A Python class that scrapes information for movies and TV shows from dvd.netflix.com pages. No account/cookies required, unless attempting to scrape ratings or titles not available on DVD.
- Python 3
- Modules:
- Selenium
- Beautiful Soup
- Fuzzywuzzy
- Chromedriver
Git clone the project onto your computer
A requirements file is included for convenience when installing the modules, so you only need to run the following command:
$ pip3 install -r requirements.txt
Selenium also requires a driver to load the webpages, so simply download the latest version of Chromedriver and place it in your project folder.
Cookies of a valid Netflix session can be used to enable scraping unavailable titles and ratings. Using the provided helper script, it's easy to make these cookies available to the webdriver.
- First, you need to sign into DVD Netflix on Google Chrome.
- Using the extension EditThisCookie, export the cookies for this domain, which will be copied to the clipboard.
- Paste these into save_cookies_to_pickle.py, replacing the example.
- Edit the boolean values so they have the correct case, i.e. "True" and "False" instead of "true" and "false".
- Save and run save_cookies_to_pickle.py to generate the pickle file.
Start by importing the module so that the class is available.
>>> from DVDNetflixScraper import NetflixSession
Create a new instance of the class.
>>> session = NetflixSession()
It will search for 'cookie.pkl' in the current directory and associate the cookies with the session. If it's unable to find or load the file, the session will still initialize without cookies. Alternatively, you can pass in an argument that specifies a pickle file containing the cookies.
>>> session = NetflixSession('~/some/other/file.pkl')
Load a movie by specifying a search string. During this call, the webdriver will open a Chrome window to search for the movie. Once it navigates to the correct page, it will store the parsed html into a variable and close the window.
>>> session.load_movie('Deliverance')
The first result that is a close text match will be selected. After the movie is loaded, you can save the url by calling the "get_movie_url()".

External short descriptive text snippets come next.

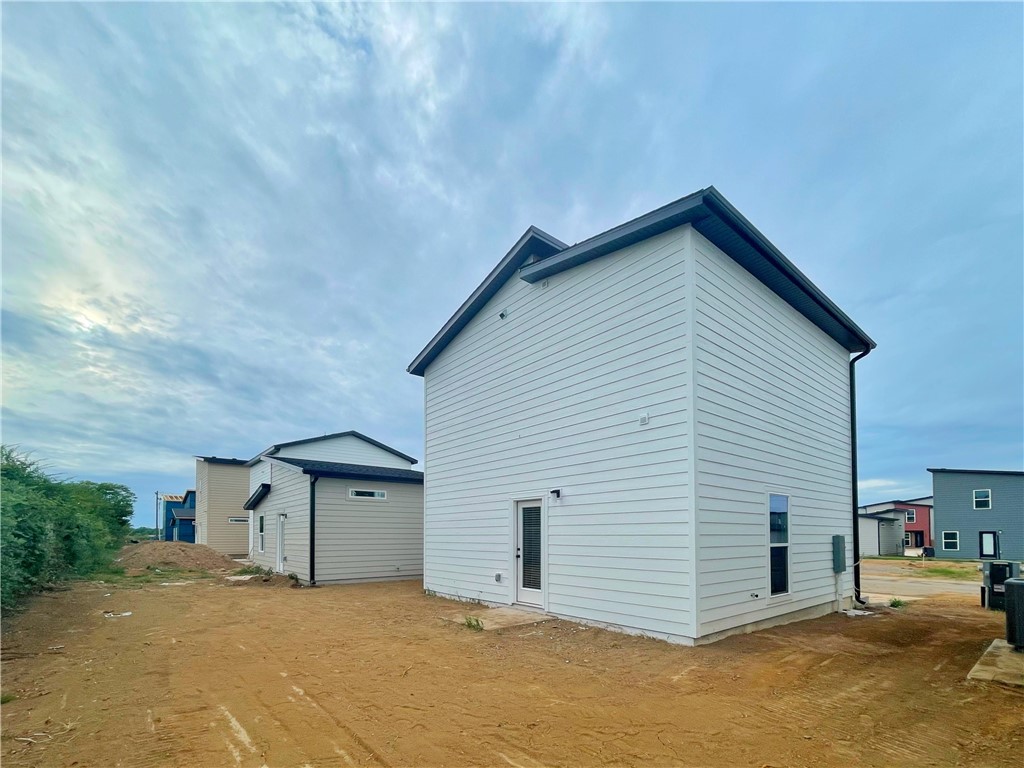 FEATHERSTON VILLAGE PH 2-CENTERTON - Residential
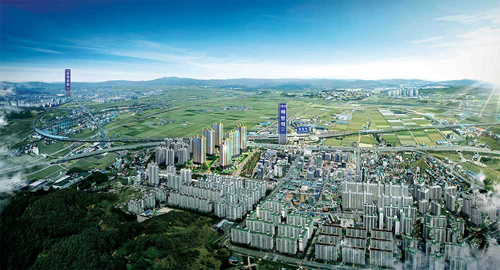 배방역 효성
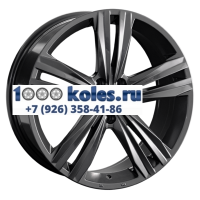 Replay 8x19/5x112 ET52 D66,6 MR222 GM (конус, C570)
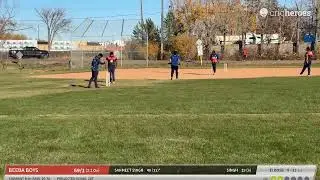 Live Cricket Match | BEEBA BOYS vs Edmonton eagles | 08-Oct-23 04:09 PM | Punjab kings cup(Semi Fina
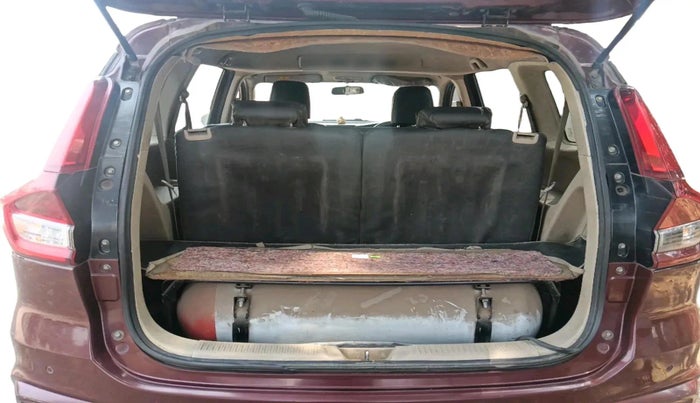 2021 Maruti Ertiga VXI CNG, CNG, Manual, 1,68,523 km, exterior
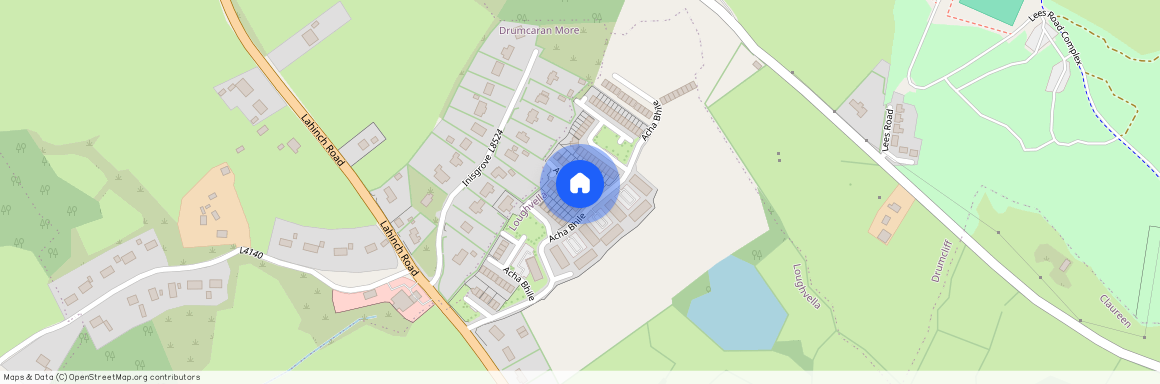 Apartment For Rent, 167 Acha Bhile, Lahinch Road, Ennis, Co. Clare, Fountain Cross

>>> deliverance_movie_url = session.get_movie_url()
>>> deliverance_movie_url
'https://dvd.netflix.com/Movie/Deliverance/433193?strackid=13c7f06deb5662ef_1_srl&trkid=201891639'
Now if you need to load the movie again in the future, you can pass the url directly to skip the search page. You can verify this works by checking the name and year of the loaded movie.
>>> session.load_movie_with_url(deliverance_movie_url)
>>> session.get_movie_name()
'Deliverance'
>>> session.get_movie_year()
1972
Because there is ambiguity with some movies/shows, you can also specify the year when loading from a search. This will only load a result if it matches +/- 1 year.
>>> session.load_movie('Alice in Wonderland',2010)
>>> session.get_movie_url()
'https://dvd.netflix.com/Movie/Alice-in-Wonderland/70113536?strackid=206e723a68719b5d_1_srl&trkid=201891639'
>>> session.load_movie('Alice in Wonderland',1950)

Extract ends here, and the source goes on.